Living in the Biotech Century

News, Resources, and Commentary

June 15, 2006



Why has “self-abuse” become a major problem at our elite colleges and universities?


Self-Mutilation Rampant at 2 Ivy League Schools


Survey: 17 percent at Cornell and Princeton purposely cut themselves



Sarah Rodey

M. Spencer Green / AP

Sarah Rodey, 20, a University of Illinois student, began self-injuring by cutting herself, a disturbing phenomenon that counselors say is happening at colleges, high schools and middle schools

“Nearly 1 in 5 students at two Ivy League schools say they have purposely injured themselves by cutting, burning or other methods, a disturbing phenomenon that psychologists say they are hearing about more often.


“For some young people, self-abuse is an extreme coping mechanism that seems to help relieve stress; for others it s a way to make deep emotional wounds more visible.


“The results of the survey at Cornell and Princeton are similar to other estimates on this frightening behavior. Counselors say it’s happening at colleges, high schools and middle schools across the country.


“Separate research found more than 400 Web sites devoted to subject, including many that glorify self-injury.
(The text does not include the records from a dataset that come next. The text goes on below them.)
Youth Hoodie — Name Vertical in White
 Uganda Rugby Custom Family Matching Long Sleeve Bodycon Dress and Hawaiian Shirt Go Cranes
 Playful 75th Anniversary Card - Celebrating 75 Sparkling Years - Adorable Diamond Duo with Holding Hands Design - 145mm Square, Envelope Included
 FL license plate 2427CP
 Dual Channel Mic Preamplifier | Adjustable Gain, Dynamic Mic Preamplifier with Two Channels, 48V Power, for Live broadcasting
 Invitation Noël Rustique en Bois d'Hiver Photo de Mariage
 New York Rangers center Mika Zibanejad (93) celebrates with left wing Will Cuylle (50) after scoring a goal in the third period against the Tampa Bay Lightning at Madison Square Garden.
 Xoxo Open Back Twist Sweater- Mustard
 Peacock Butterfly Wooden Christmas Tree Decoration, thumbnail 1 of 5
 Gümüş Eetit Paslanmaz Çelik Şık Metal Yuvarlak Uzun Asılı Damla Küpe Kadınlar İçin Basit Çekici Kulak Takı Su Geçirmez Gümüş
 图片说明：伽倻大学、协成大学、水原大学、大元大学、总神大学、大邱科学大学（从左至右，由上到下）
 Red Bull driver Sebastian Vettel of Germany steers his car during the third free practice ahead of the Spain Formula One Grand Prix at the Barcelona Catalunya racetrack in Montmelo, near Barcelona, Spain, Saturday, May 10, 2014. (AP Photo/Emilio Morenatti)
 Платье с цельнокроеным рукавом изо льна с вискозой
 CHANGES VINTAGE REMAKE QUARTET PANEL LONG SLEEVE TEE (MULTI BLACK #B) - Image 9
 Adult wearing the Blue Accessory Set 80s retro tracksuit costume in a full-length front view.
Some worry that many sites serve as an online subculture that fuels the behavior—although whether there has been an increase in the practice or just more awareness is unclear.


“Sarah Rodey, 20, a University of Illinois student who started cutting herself at age 16, said some online sites help socially isolated kids feel like they belong. One of her favorites includes graphic photographs that the site warns might be ‘triggering.’”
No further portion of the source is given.